The results showed that about 19% of the random shuffling operations produced results less than or equal to the observed p-value (Figure 6).
In short, this result is quite common under purely random conditions, reinforcing the conclusion that "there is no month signal." If month labels had statistical significance, the real data joint test should yield a p-value of 0.05, and the proportion of such small p-values generated in the shuffling operations should be less than 5%.
Figure 6. Distribution of Placebo p-values Generated by Randomly Shuffling "Month" Labels in the Logistic Model
(5) Control Variable Testing
Adding real calendar markers did not unlock any tradable advantage— and often decreased the accuracy of predicting the direction of price movements. We re-estimated the "probability of positive return months" using the same month dummy variables, then added two significant event practice control variables: 1) factors that may affect Bitcoin's logarithmic returns; 2) months that do not occur at fixed times each year— the Lunar New Year and Bitcoin halving window (±2 months). We only used control variables corresponding to different calendar months each year to avoid redundancy in dummy variables leading to unstable model estimates.
This test aims to verify two common concerns: (i) the phenomenon that appears to be a "month effect" may simply be a disguise for periodic events— such as liquidity during the Lunar New Year (LNY) or the Bitcoin halving effect; (ii) even if the original month pattern is weak, considering these driving factors may yield utility. In the initial phase, we trained on half of the dataset and used the other half for testing. We assessed the monthly probability predictions using Brier scores, which reflect the mean squared error between predicted probabilities and actual price movement outcomes (i.e., the degree of deviation between predicted values and reality).
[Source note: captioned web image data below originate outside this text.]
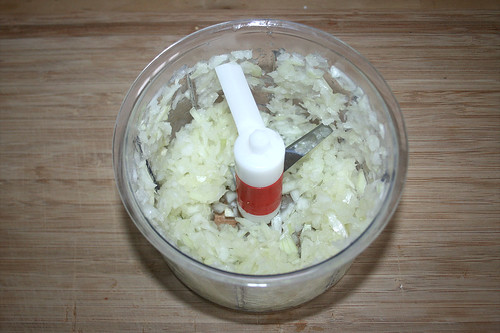 12 - Zwiebel würfeln / Dice onion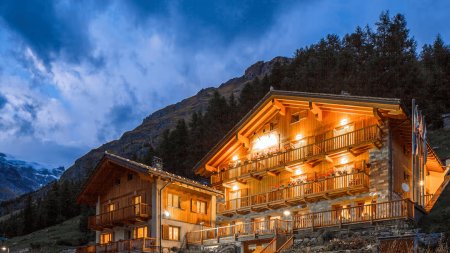 Hotel de Gletscher in Staffal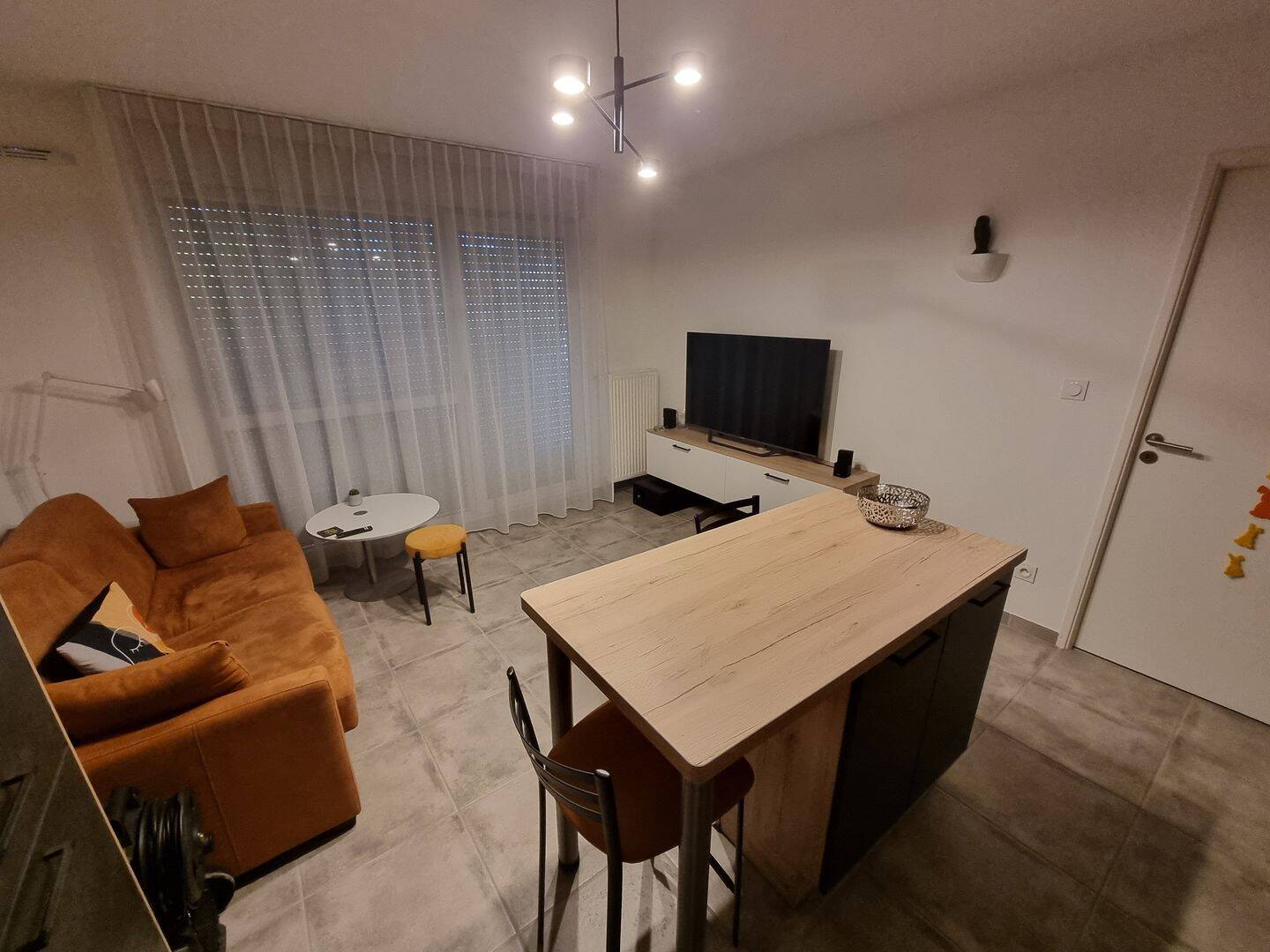 Location appartement T2 meublé 39,6 m² – Jardin, terrasse et box – Dijon Montchapet — 3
In Figure 7, the bar chart shows the Brier improvement values of each model compared to the simple baseline (which uses a single value of historical increase rate from the training window). All bars are below zero, indicating that the performance of each control variable variant is worse than the constant probability baseline. In short, introducing additional calendar markers based on month labels only adds noise.
Figure 7: Brier Improvement Scores of Logistic Regression Models with Added Control Variables in Out-of-Sample Predictions
4. Conclusion
The concept of market seasonality creates harmful shackles on investor psychology and may form a self-fulfilling prophecy. However, our models indicate that simply assuming the monthly probabilities of increases and decreases are roughly consistent with long-term historical averages outperforms all calendar-based trading strategies. This strongly suggests that calendar patterns do not contain effective information for predicting Bitcoin's monthly direction. Since calendar months cannot reliably predict the positive or negative direction of logarithmic returns, the likelihood of predicting the magnitude of returns is even slimmer. The synchronized declines in past Septembers and the legendary increases of Bitcoin in "October Surges" may have statistical interest, but they lack statistical significance.